## Instructions to follow:
Under this line are the records; repeat exactly the lines starting at the one containing "para una seto?" and ending at the one containing "valerian pill natural", omitting pictures.

## Given information:
Content starts
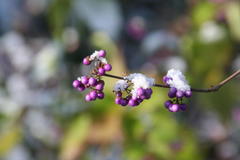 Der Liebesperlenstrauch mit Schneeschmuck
Content ends
Content starts
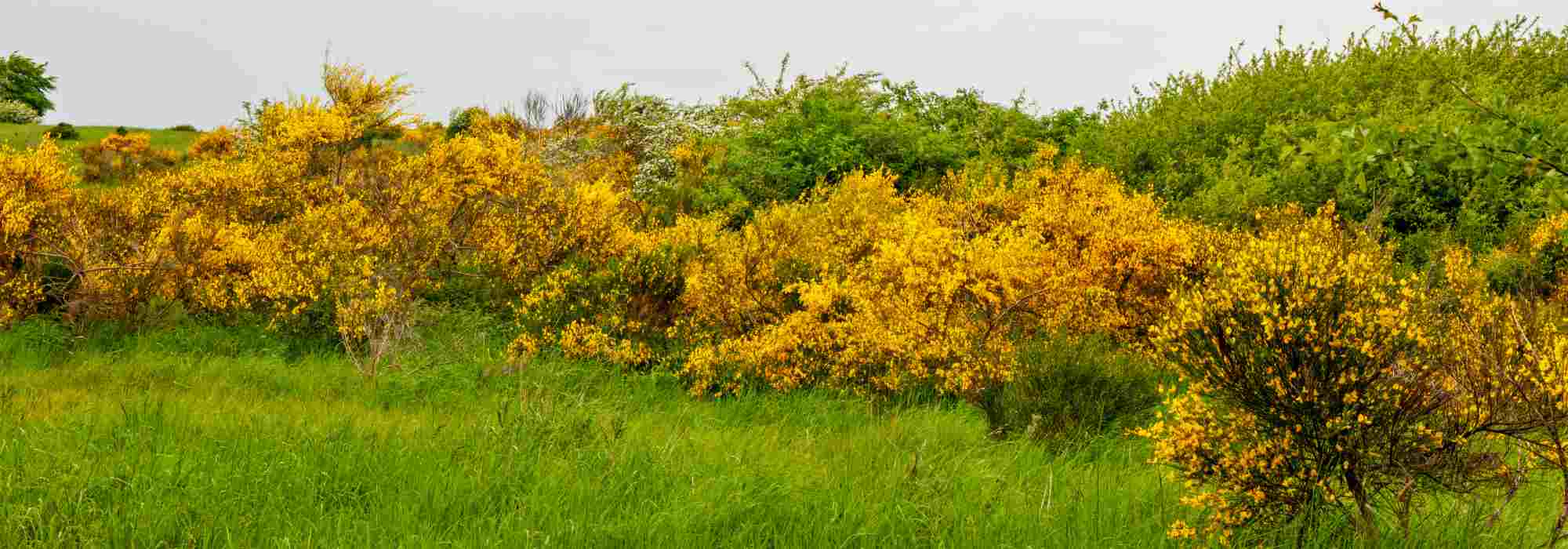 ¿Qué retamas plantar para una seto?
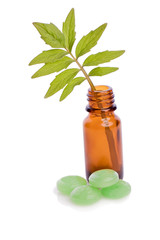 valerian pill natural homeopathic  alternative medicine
Content ends
Content starts
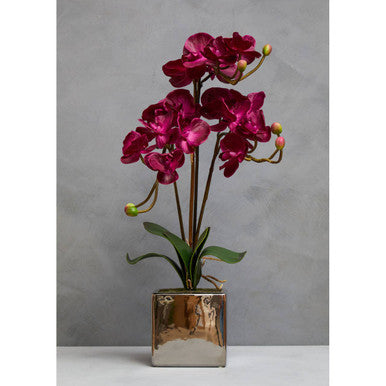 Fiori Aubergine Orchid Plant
Content ends
## Answer for the task:
 ¿Qué retamas plantar para una seto?
 valerian pill natural homeopathic  alternative medicine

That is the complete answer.